Observation of Discrete Time Crystals on a Quantum Computer: Demonstrating Quantum Utility in a 133-Qubit Two-Dimensional System
March 12, 2026 -- A research team including Dr. Kazuya Shinjo (Research Scientist, RIKEN Center for Emergent Matter Science), Dr. Kazuhiro Seki (Research Scientist, RIKEN Center for Quantum Computing), Dr. Tomonori Shirakawa (Senior Research Scientist, RIKEN Center for Computational Science), Dr. Rong-Yang Sun (Research Scientist at the time of this research, RIKEN Center for Computational Science), and Dr. Seiji Yunoki (Chief Scientist, RIKEN Pioneering Research Institute), has successfully observed discrete time crystals and discrete time quasicrystals in a large-scale two-dimensional quantum system using an IBM superconducting quantum processor.
Using the 133-qubit IBM Quantum Heron processor "ibm_torino," the team implemented a periodically driven two-dimensional kicked Ising model via digital quantum simulation and demonstrated stable subharmonic oscillations characteristic of discrete time crystals for up to 100 driving cycles.
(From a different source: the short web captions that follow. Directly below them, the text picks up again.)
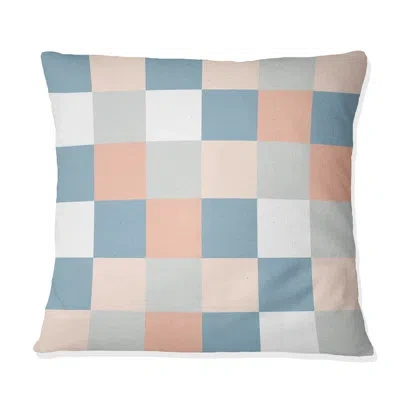 Design Art Pink Blue Abstract Misty Grid I - Abstract Pillow In Blue;pink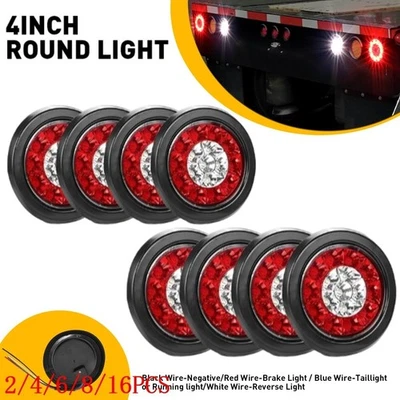 Luces traseras redondas de señal de giro de parada de freno para remolque de camión 16 LED blancas rojas de 4 pulgadas Foto 1 de 4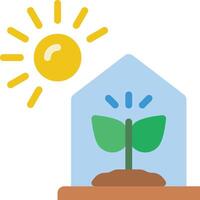 A house with a plant growing in it and a sun behind it vector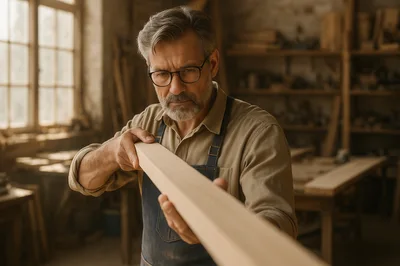 Professional Woodworker Inspecting A Wooden Plank In Workshop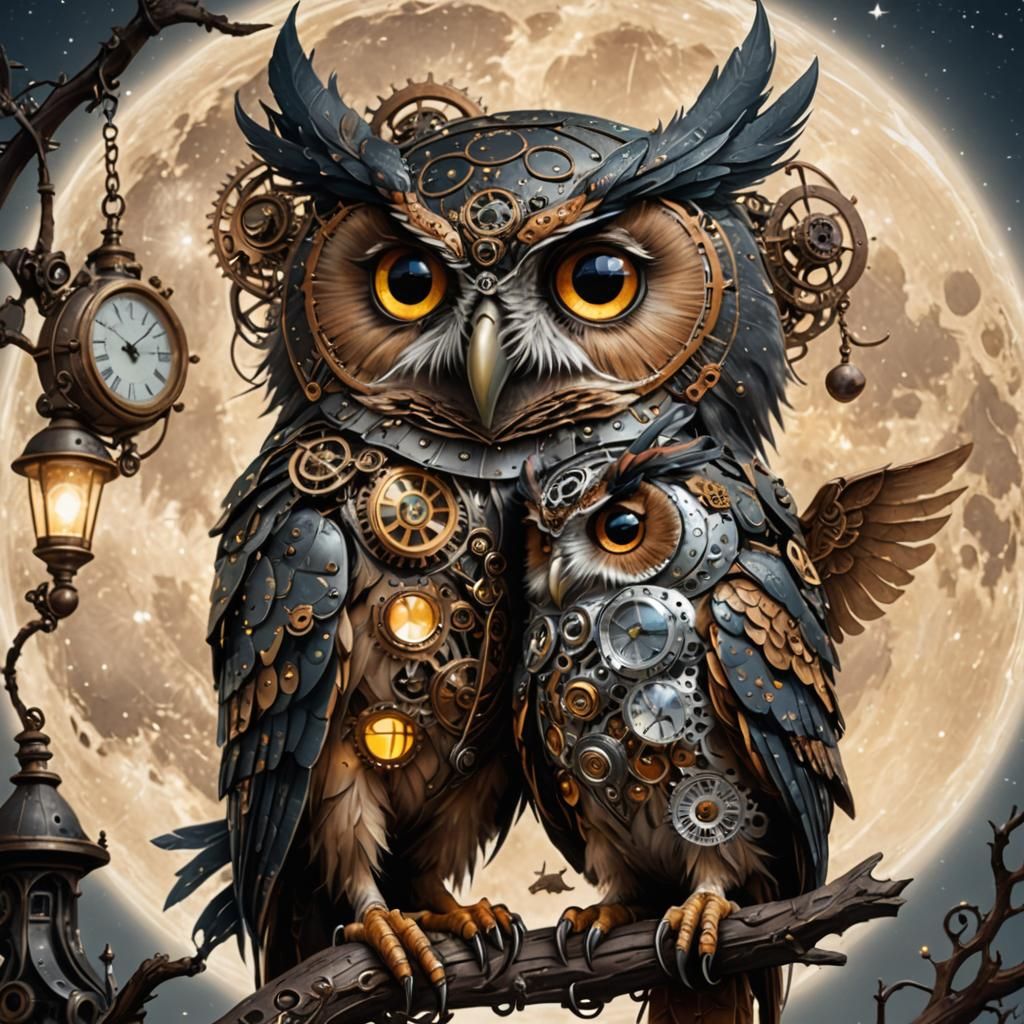 Steampunk Owls Under Crescent Moonlight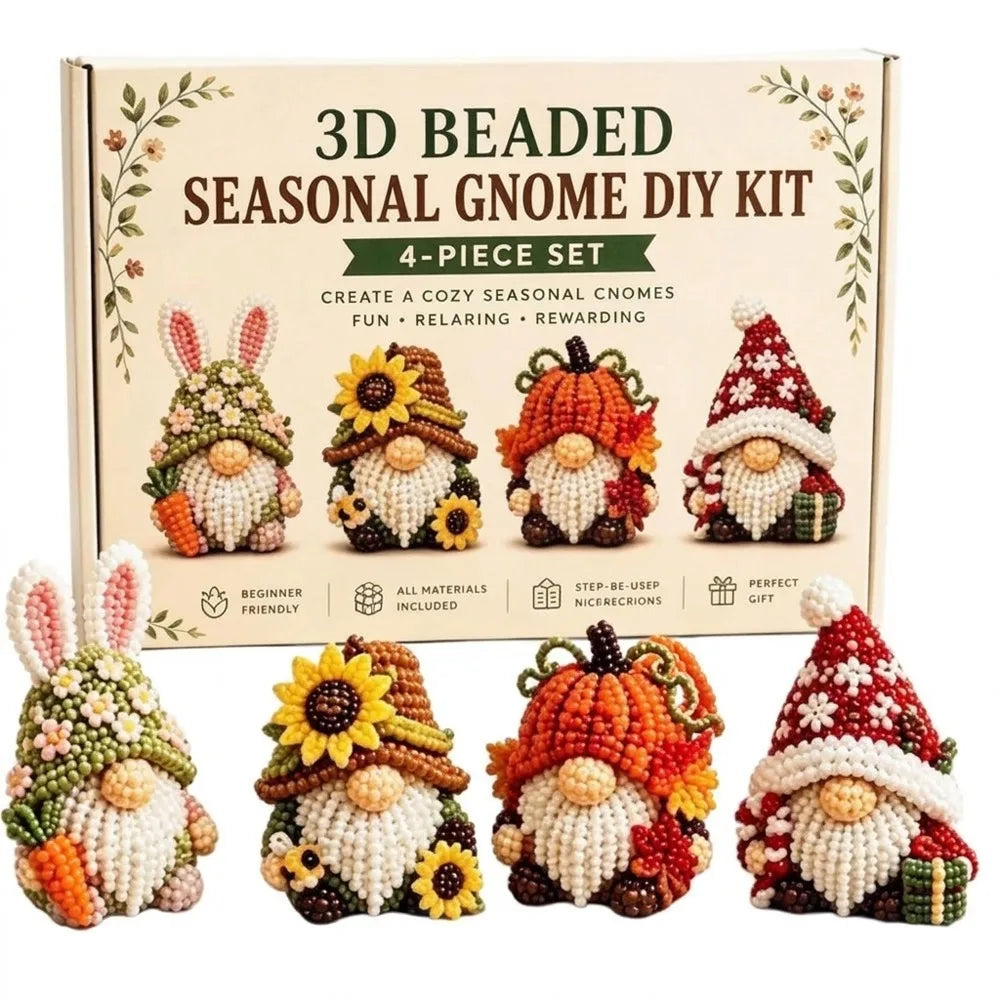 3D Beaded DIY Craft Kit – Gnome & Animal Ornaments DIY Bead Craft Kit PLUSH Style 3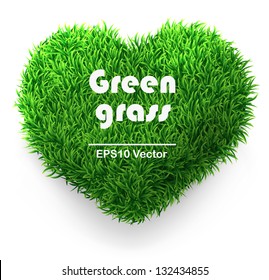 Green grass heart. Vector illustration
These results were validated through comparison with classical simulations based on the two-dimensional tensor network method performed on the RIKEN supercomputer Fugaku.
This work provides an important experimental benchmark demonstrating that quantum computers can probe the non-equilibrium dynamics of quantum many-body systems in regimes that approach or exceed the limits of classical computational methods.
Quantum many-body systems driven out of equilibrium can exhibit novel phases that do not exist in equilibrium conditions. One prominent example is the discrete time crystal, in which physical observables oscillate at integer multiples of the driving period, breaking the discrete time-translation symmetry imposed by periodic driving.
The experimental results quantitatively agree with classical simulations based on the two-dimensional tensor network method up to approximately 50 cycles, establishing the reliability of the quantum hardware observations. Beyond this time scale, classical simulation becomes increasingly difficult due to rapid entanglement growth, while the quantum processor was able to experimentally explore this regime.
This work demonstrates the growing role of quantum computers as tools for scientific discovery, complementing classical high-performance computing systems such as Fugaku and enabling new approaches to studying complex quantum systems.